We all have opinions (some of which remain unspoken) that might collide with the general political frameworks we try to live by. But leaving aside the moralistic summation of the ‘celeb news takeaway’ (and its failure to explore exactly how and why women of pop cultural influence might be participating in it in this way), Jones used a public forum to create a clear distinction between the supposedly ‘decent’ women who exist as role models, and that subsection of female society who betray feminist values by devaluing themselves through the selling of sex - i.e. ‘whores’.
It was a cheap and nasty shot, and it’s sadly in keeping with the view that self-sexualisation by its very nature undermines the women involved and exposes them as mindless participants with no agency or informed intent.
It’s telling and ironic that in the same series of tweets, Jones also implored young women to ‘Sure, be SEXY but leave something to the imagination.’ Such a view is nothing short of mindless participation in the expectation that women partly exist to fuel fantasy in an external viewer. Why do women have to answer to anybody when it comes to their dress code and behaviour, provided that behaviour is causing nobody any harm?

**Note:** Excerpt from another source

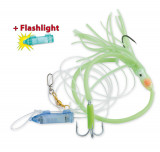 Aquantic Seehecht Vorfächer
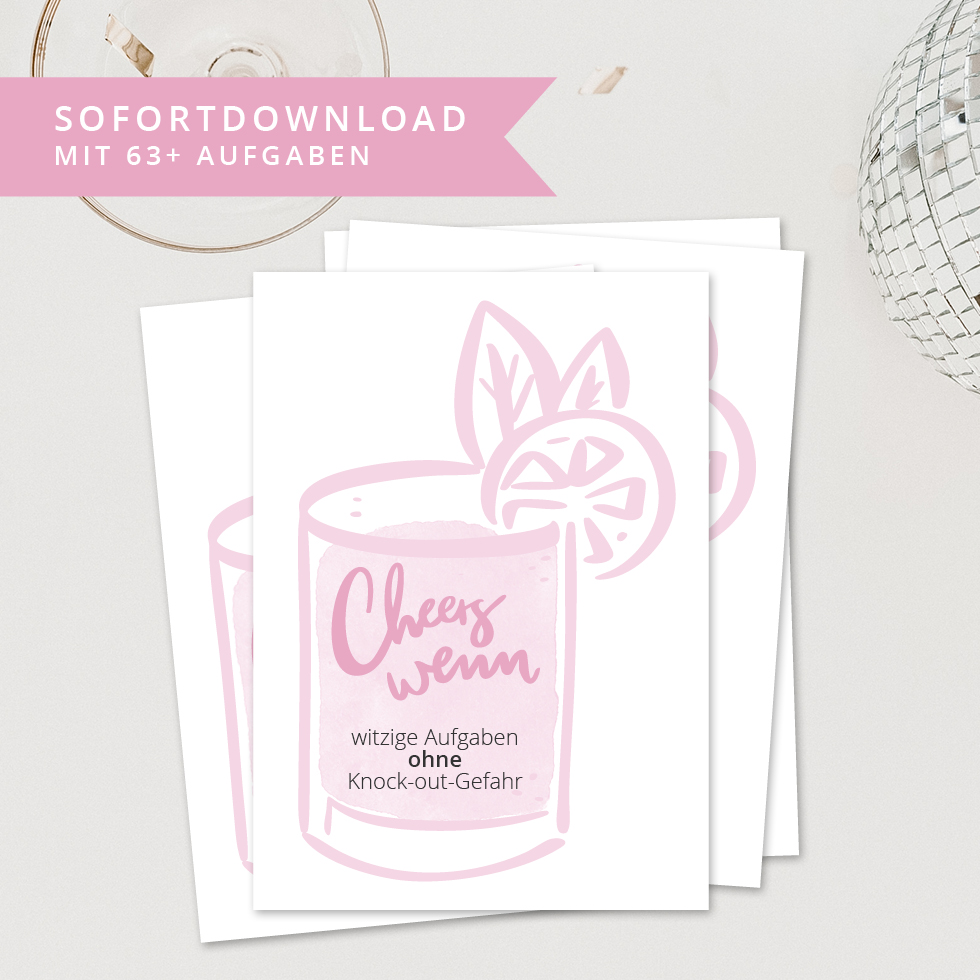 weddingstyle-jga-cheers-wenn-witziges-ansto-spiel-63-karten image 1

For her part, Jones was shocked by the response. Writing in this month’s Glamour, she says, “I'm not gonna lie. The fact that I was accused of "slut-shaming," being anti-woman, and judging women's sex lives crushed me. I consider myself a feminist. I would never point a finger at a woman for her actual sexual behavior, and I think all women have the right to express their desires. But I will look at women with influence—millionaire women who use their "sexiness" to make money—and ask some questions. There is a difference, a key one, between "shaming" and "holding someone accountable."”
The internet can be an exhausting place, particularly for someone invested in creating social change. I’m often asked how I deal with ‘the haters’, and I know the enquirer is only thinking of those people situated on the opposite end of the political spectrum to me. The truth is, the most disheartening and upsetting messages can come from people ostensibly on the same side.
Such is the nature of political passion that we can end up holding supposed allies to a higher standard than we would people whose views we have already accepted will never align with our own.
But that doesn’t mean that Jones doesn’t have a responsibility to seriously address the complaints and backlash she received. There are some interesting points dotted throughout her Glamour piece, particularly in regards to the oversaturation of a very specific kind of sexual expression dominating the pop industry today and its ultimate dislike of feminine diversity.
But these points are lost in the repeated refusal to acknowledge how and why her unfavourable invoking of the word ‘whores’ might be isolating and oppressive in its own way. As Hermione Stranger wrote on Jezebel’s GroupThink, “Her tweets did not contain criticism of patriarchal institutions; they contained criticism of the women who don't overthrow those institutions. Once again, women are to blame for their own oppression. We just can't win, can we?
We cannot progress beyond women’s liberation if we insist on stepping over the bodies of other women to further ourselves. Rashida Jones may very well be invested in the futures of young pop starlets and the little girls who look up to them, but there are better ways to approach that than to perpetuate the notion of good and bad women as a means of comparison. ‘Whores’ deserve to be protected from inequality and misogyny as much as any woman, regardless of what you may personally think about the act of exchanging sex for money.
In Glamour, Jones reminds these pop stars that they’re role models whether they like it or not, and as such have a responsibility to model behaviour that empowers and protects other women. If Rashida Jones is really intent on defending women against misogyny and oppression - and I believe that she probably is - then it’s perhaps time for her to realise that the same is true of herself.